Iconic British boot maker Dr Martens has reported a 42.9 per cent decline in profit before tax for its year to 31 March.
On Thursday, the 60-year-old brand blamed weak consumer demand in the US for the puncture in its earnings.
America is one of the business’s biggest markets, but it has faced a number of challenges in the region, including the hangover from bottleneck issues in its Los Angeles warehouse.
In the country, revenue declined 24 per cent to £325m due to shoppers holding off on buying the pricey shoes and issues with wholesale.
Dr Martens said it doesn’t expect to see recovery in its US market until the autumn seasons of 2025.
Across the whole of the group, profit before tax fell by 42 per cent on last year’s figure to £97.2m, while revenue slipped 12 per cent to £887m.
It is a hefty drop from last year when it broke the £1bn barrier for the first time.

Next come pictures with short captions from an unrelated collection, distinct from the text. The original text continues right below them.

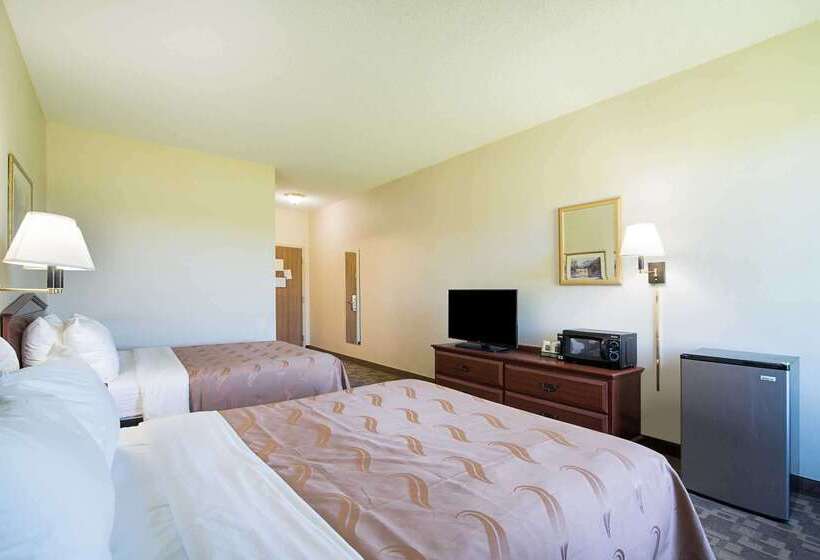 فندق Quality Inn & Suites Schoharie Near Howe Caverns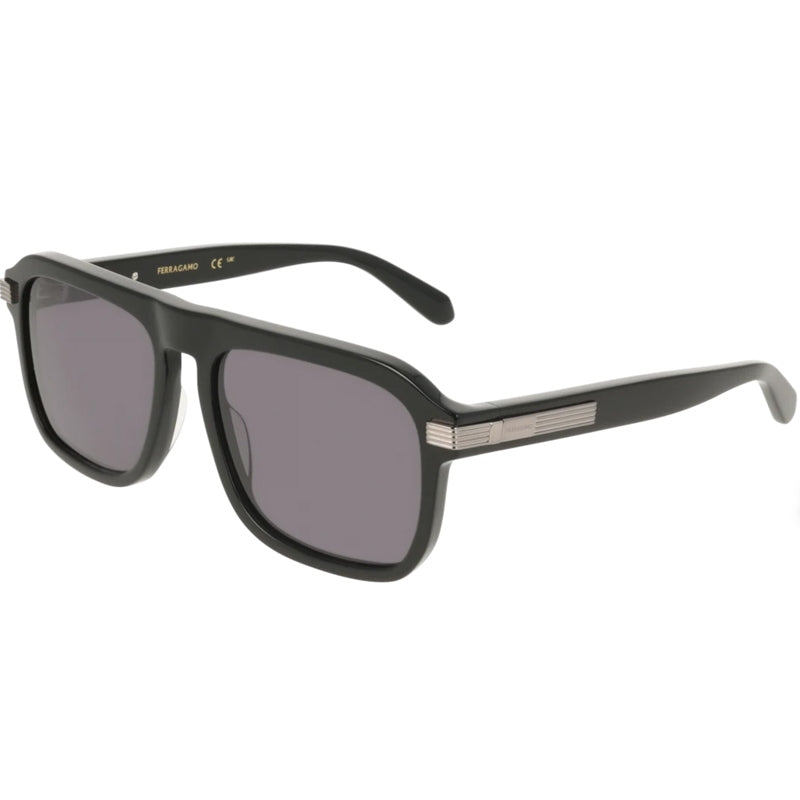 Salvatore Ferragamo Sunglasses, Model: SF2087S Colour: 001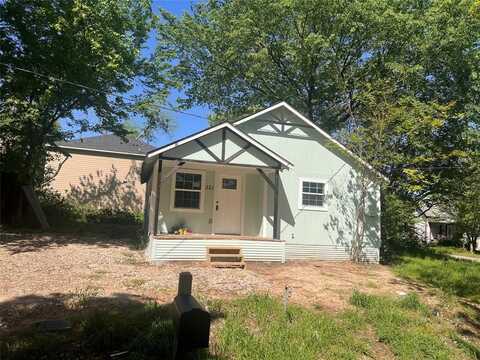 521 Morgan Street, Bonham, TX 75418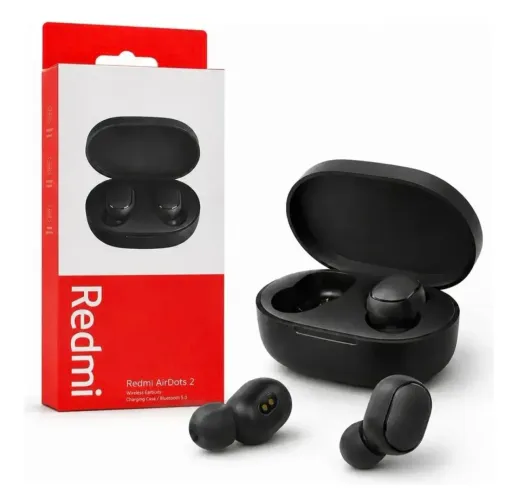 Fone Bluetooth TWS novoo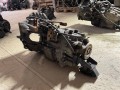 КПП механическая (МКПП) IVECO Daily 4 поколение 2006, 2.3 л., дизель, МКПП, микроавтобус, 8872176 - фото №8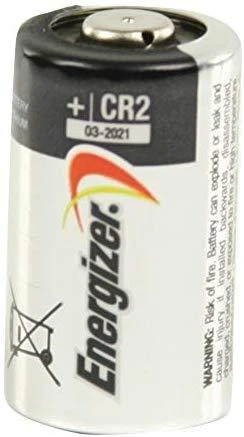 Ličio baterija CR2 (EL1CR2 / 5046LC / CR15H270) 800mAh 3V Energizer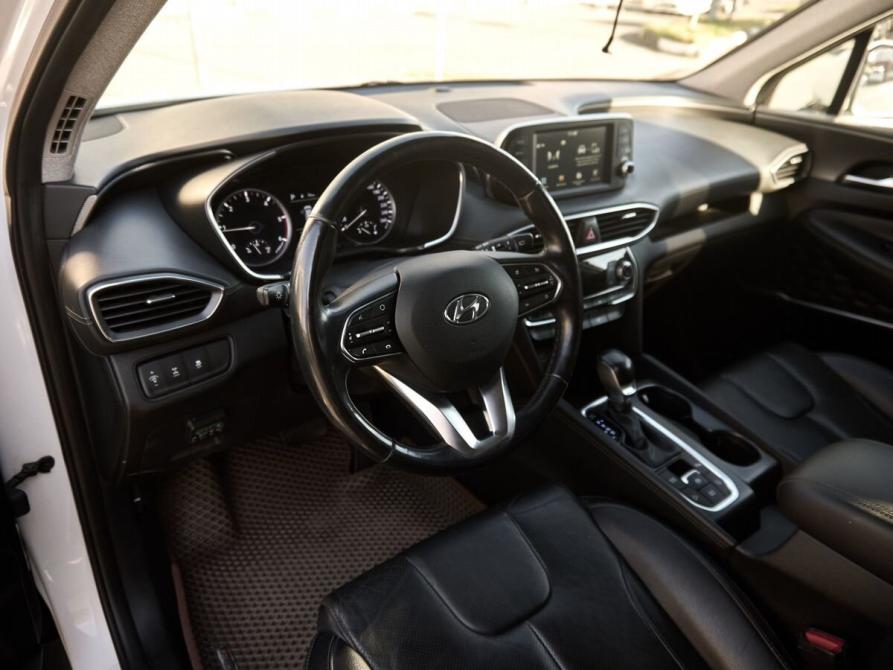 Hyundai Santa Fe IV Казань  - изображение 5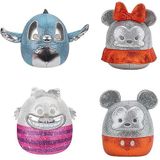 Squishmallows peluche Set Disney 100 12 cm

It comes as the departure of chief Kenny Wilson looms over the company.
The Aberdonian will step down after six years and be replaced by the business’s chief brand officer, Ije Nwokorie.
Nwokorie – who joined as a non-executive director- will now be tasked with steering the ship.
WIlson said: “Our FY24 results were as expected and reflect continued weak USA consumer demand. This particularly impacted our USA wholesale business and offset our group DTC performance, where pairs grew by seven per cent. We have achieved robust performances in EMEA and APAC, and our supply chain strategy continues to deliver good savings.”
“We are clear that we need to drive demand in the USA to return to growth in FY26 onwards and are executing a detailed plan to achieve this, with refocused and increased USA marketing investment in the year ahead.
He added: “We are also announcing a cost action plan across the group, targeting savings of £20m to £25m. I am confident that the actions we are taking as we enter this year of transition will put us in good shape for the years ahead.”